Solution: Established strict naming convention for subnet parameters:
- DevOps creates:
/mno/subnets/OPERATOR_NAME_SUBNET_ID - Application reads this exact parameter name
- Prevents spelling mistakes and ensures consistency
3. Handle Both Static and Dynamic IP Requirements
Learning: Not all MNOs have the same IP whitelisting capabilities.
Solution: Built hybrid architecture supporting both:
- ECS Fargate for MNOs accepting CIDR ranges (majority of cases)
- EC2 instances for MNOs requiring single static IPs (rare but necessary)
4. Cross-Account Testing is Critical
Learning: Production VPN connectivity must be testable from non-production environments.
Solution: Share production VPC subnets with dev/staging accounts using resource sharing. This allows developers to test actual network connectivity without deploying to production.
5. Configuration-Driven Design is Key
Learning: Hardcoding MNO-specific logic leads to unmaintainable code.
Solution: Externalize all MNO-specific configurations:
- API endpoints, ports, protocols
- Phone number patterns for routing
- Deployment resource type (ECS vs EC2)
- Custom request/response handlers
6. Secrets Management from Day One
Learning: Never store credentials in code or configuration files.

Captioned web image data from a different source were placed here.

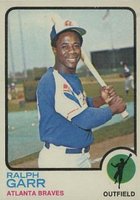 1973 Topps #15 Ralph Garr Baseball Card
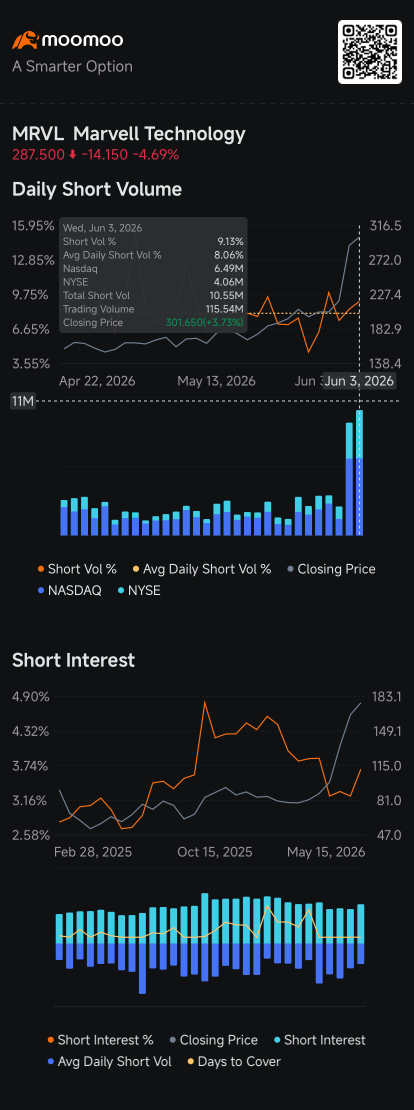 Marvell Short Sellers Pile in as Stock's 250% Rally Tests Resistance: Short Seller Tracker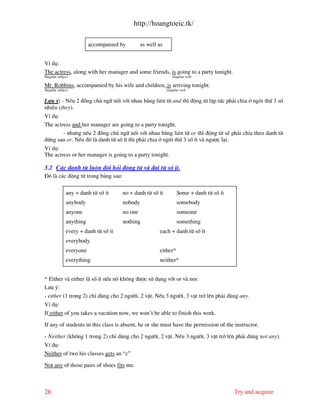 http://hoangtoeic.tk/

                         accompanied by        as well as


VÝ dô:
The actress, along with her manager and some friends, is going to a party tonight.
Singular subject                                               singular verb

Mr. Robbins, accompanied by his wife and children, is arriving tonight.
Singular subject                                            singular verb


L−u ý: - NÕu 2 ®ång chñ ng÷ nèi víi nhau b»ng liªn tõ and th× ®éng tõ lËp tøc ph¶i chia ë ng«i thø 3 sè
nhiÒu (they).
VÝ dô:
The actress and her manager are going to a party tonight.
        - nh−ng nÕu 2 ®ång chñ ng÷ nèi víi nhau b»ng liªn tõ or th× ®éng tõ sÏ ph¶i chia theo danh tõ
®øng sau or. NÕu ®ã l danh tõ sè Ýt th× ph¶i chia ë ng«i thø 3 sè Ýt v ng−îc l¹i.
VÝ dô:
The actress or her manager is going to a party tonight.

3.2 C¸c danh tõ lu«n ®ßi hái ®éng tõ v ®¹i tõ sè it.
§ã l c¸c ®éng tõ trong b¶ng sau:

              any + danh tõ sè Ýt     no + danh tõ sè Ýt          Some + danh tõ sè Ýt
              anybody                 nobody                      somebody
              anyone                  no one                      someone
              anything                nothing                     something
              every + danh tõ sè it                    each + danh tõ sè Ýt
              everybody
              everyone                                 either*
              everything                               neither*


* Either v either l sè Ýt nÕu nã kh«ng ®−îc sö dông víi or v nor.
L−u ý:
- either (1 trong 2) chØ dïng cho 2 ng−êi, 2 vËt. NÕu 3 ng−êi, 3 vËt trë lªn ph¶i dïng any.
VÝ dô:
If either of you takes a vacation now, we won’t be able to finish this work.

If any of students in this class is absent, he or she must have the permission of the instructor.

- Neither (kh«ng 1 trong 2) chØ dïng cho 2 ng−êi, 2 vËt. NÕu 3 ng−êi, 3 vËt trë lªn ph¶i dïng not any).
VÝ dô:
Neither of two his classes gets an “c”

Not any of those pairs of shoes fits me.



26                                                                                       Try and acquire
 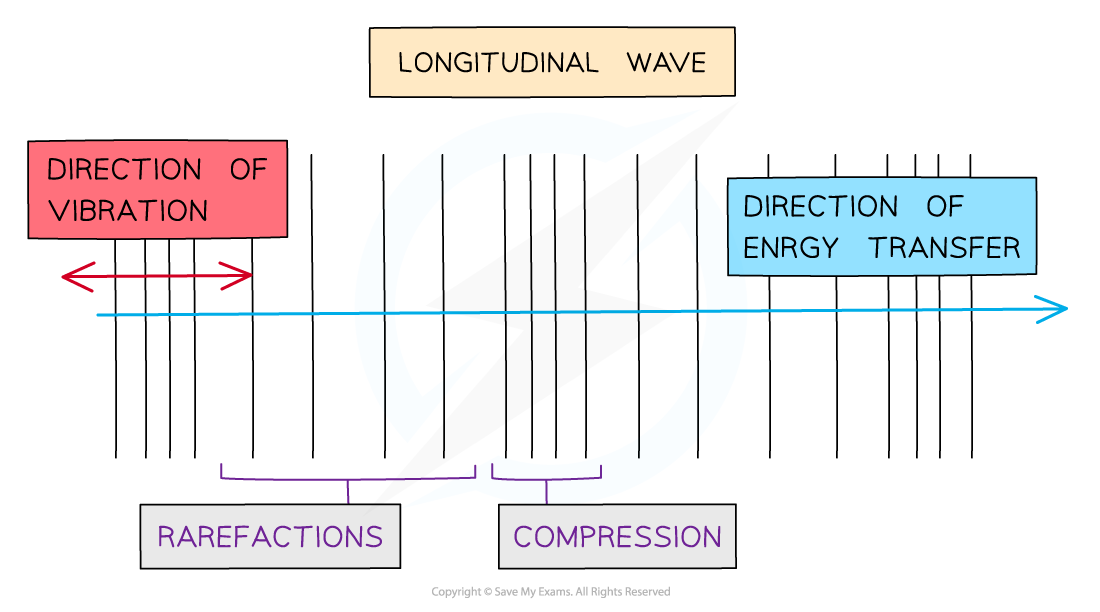 <p>The direction of oscillation of the medium are in parallel to the direction of energy transfer</p>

Solution: Use managed secrets service from the beginning:
- Store credentials in secrets manager
- Use IAM roles for access control
- Rotate credentials regularly
- Separate secrets per environment
7. Network Troubleshooting is Complex
Pitfall: When API calls fail, determining if it’s network, VPN, firewall, or application issue is challenging.
Recommendation:
- Implement comprehensive logging at each layer
- Set up monitoring for VPN tunnel status
- Document troubleshooting runbooks for each MNO
- Maintain contact information for MNO network teams
Future Improvements
1. VPN Automation
Explore Infrastructure-as-Code approaches for VPN configuration where possible:
- Automated VPN tunnel provisioning for MNOs with standardized requirements
- Configuration templates for common MNO network patterns
- Reduce manual setup time from weeks to days
2. Advanced Load Balancing
Implement intelligent traffic routing:
- Health-based routing to automatically bypass degraded MNO connections
- Geographic routing for MNOs with multiple regional endpoints
- Weighted routing for A/B testing new MNO integrations
3. Enhanced Monitoring
Build comprehensive observability:
- Real-time VPN tunnel health dashboards
- Per-MNO latency and success rate metrics
- Automated alerting for connectivity issues
- Network flow analysis for troubleshooting
4. Transit Gateway Architecture
For organizations with 10+ MNO integrations, consider:
- AWS Transit Gateway for centralized VPN management
- Hub-and-spoke network topology
- Simplified routing across multiple VPCs and VPN connections
- Better cost optimization at scale
5. Disaster Recovery
Implement resilience improvements:
- Secondary VPN tunnels for critical MNO connections
- Automated failover mechanisms
- Connection quality monitoring and automatic rerouting
- Regular DR testing procedures
6. Developer Experience
Improve development workflow:
- Local development environment with MNO API mocks
- Automated integration testing framework
- Self-service MNO onboarding portal for admins
- Better configuration validation tools
Conclusion
Building a Site-to-Site VPN architecture for multi-MNO integration requires careful balance between security, scalability, and operational complexity. By combining secure network connectivity with a hybrid deployment strategy, we created a system that:
- Meets stringent MNO security requirements
- Scales automatically based on traffic patterns
- Supports diverse technical requirements across operators
- Maintains operational efficiency through automation where possible
The key to success is embracing the hybrid nature of the problem: standardize and automate where possible (application deployment), but recognize when manual configuration is necessary (network setup). This pragmatic approach allows teams to move quickly while maintaining security and reliability standards.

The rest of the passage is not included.